S: No, I don't think so. It is only hurt with reference to something.

K: No. I am asking you: Can such a psychological brain, if I can use those two words, never be hurt? - in any circumstances, given family life, husband, wife, bad friends, so-called enemies, all that is going on around you - never get hurt? Because apparently this is one of the major wounds of human existence. The more sensitive you are, the more aware, the more hurt you get, the more withdrawn. Is this inevitable?

S: I don't think it is inevitable but I think it happens frequently, more often than not. And it seems to happen when an attachment is formed and then the loss of that attachment. You become important to me, I like you, or I am involved with you, then it becomes important to me that you don't do anything that disturbs that image.

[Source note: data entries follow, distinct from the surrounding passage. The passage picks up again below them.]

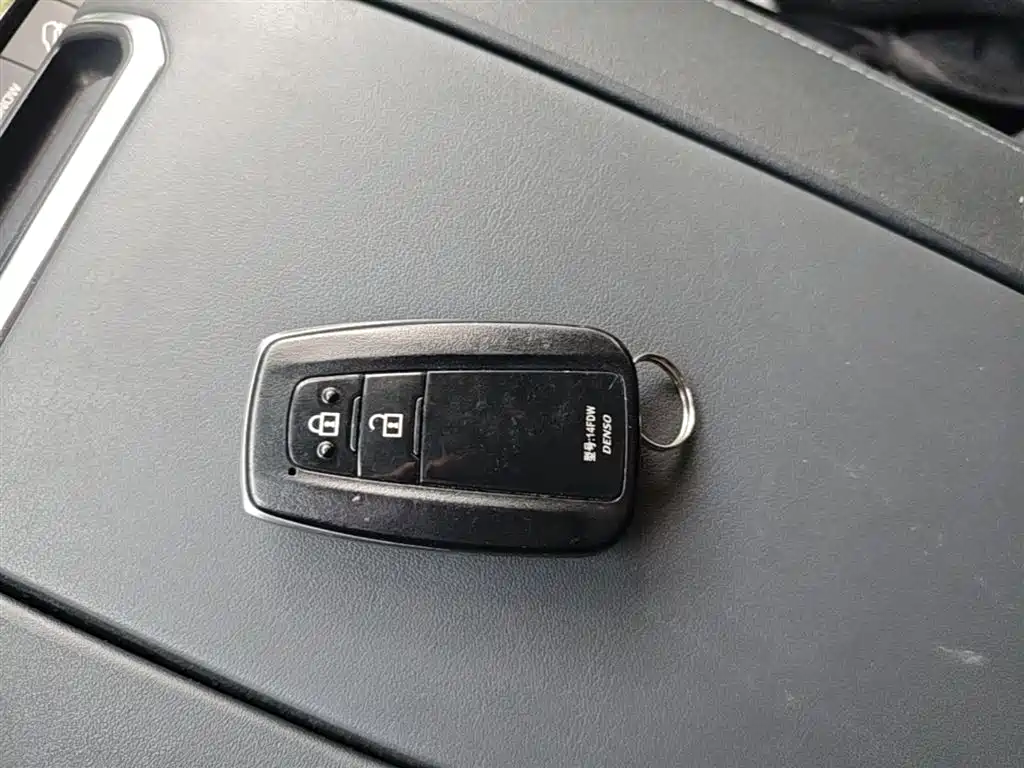 Toyota Highlander 2022 380T 4WD Luxury 7-Seater фото 9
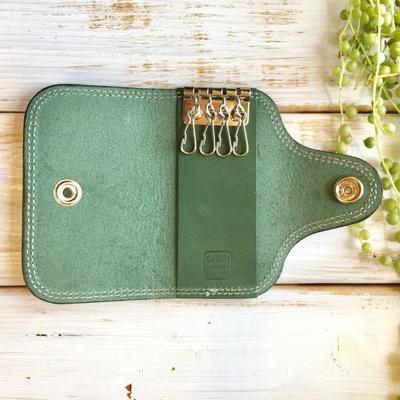 ふるさと納税 京丹後市 本革【アールキーケース】牛革グリーン 栃木レザー使用 110mm×60mm 角に丸味のあるキーケース |  | 02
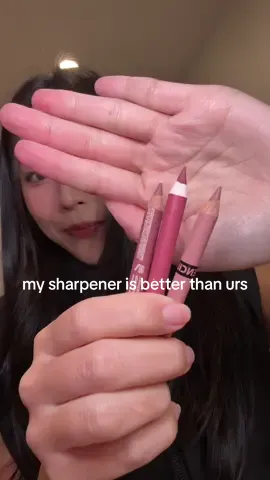 NOT SPON u can REAAAALLY feel the difference between this sharpener and a pencil sharpener. pencil sharpeners are so rough if u use it to sharpen ur eyeliner or lipliner, it can easily break the formula but THISSSS?? THIS IS MADEEEEE FOR YOUR EYELINERS AND LIPLINERS TOO honestly my free will is tempting me to sharpen my color pencils with this BUT I SHANT. 😔🫵 #fyp #lipliner #liplinersharpener @Persona Cosmetics #makeuprecomendation #makeuptok 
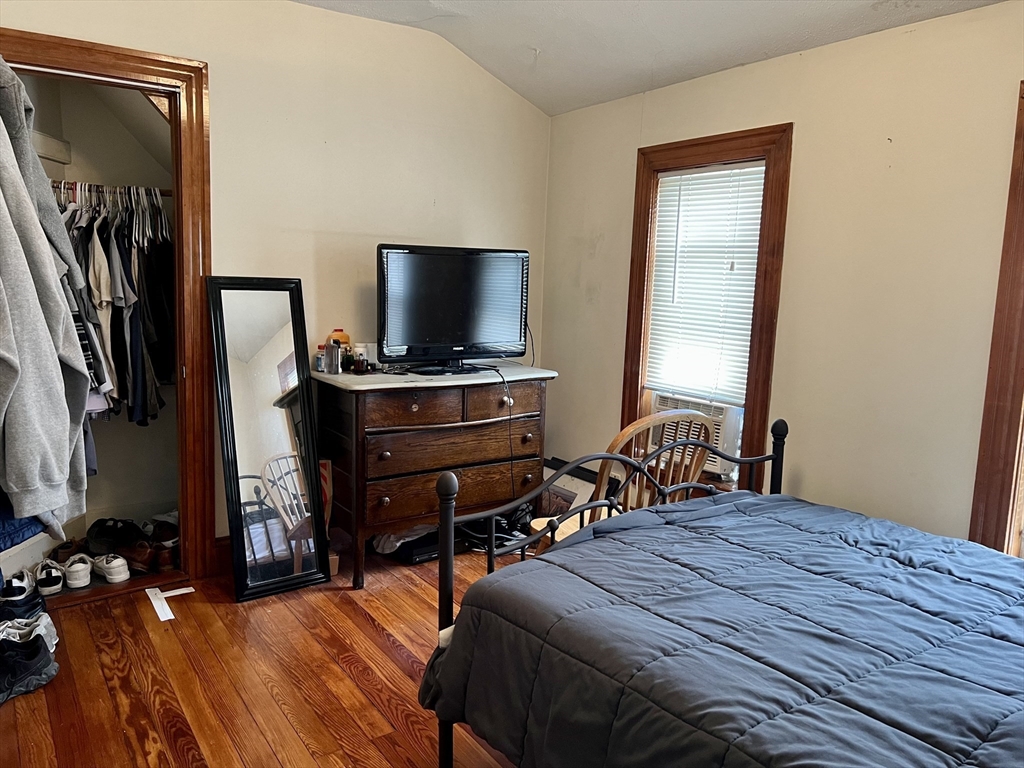 4 bed, 1 bath apartment for rent at 33-35 Rogers Ave Unit 2, Somerville — photo 19 of 24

K: That is, the relationship between two people, the picture we have of each other, the image - that is the cause of hurt.

B: Well, it also goes the other way: we hold those images because of hurt.

K: Of course, of course.

B: Where does it start?

K: That is what I want to get at.

S: That is what I want to get at too.

K: He pointed out something.

S: I know he did, yes.

B: Because the past hurt gives tremendous strength to the image, the image which helps us to forget it.

S: That's right.

K: Now is this wound in the "unconscious" - we use the word unconscious in quotes for the time being - is it hidden?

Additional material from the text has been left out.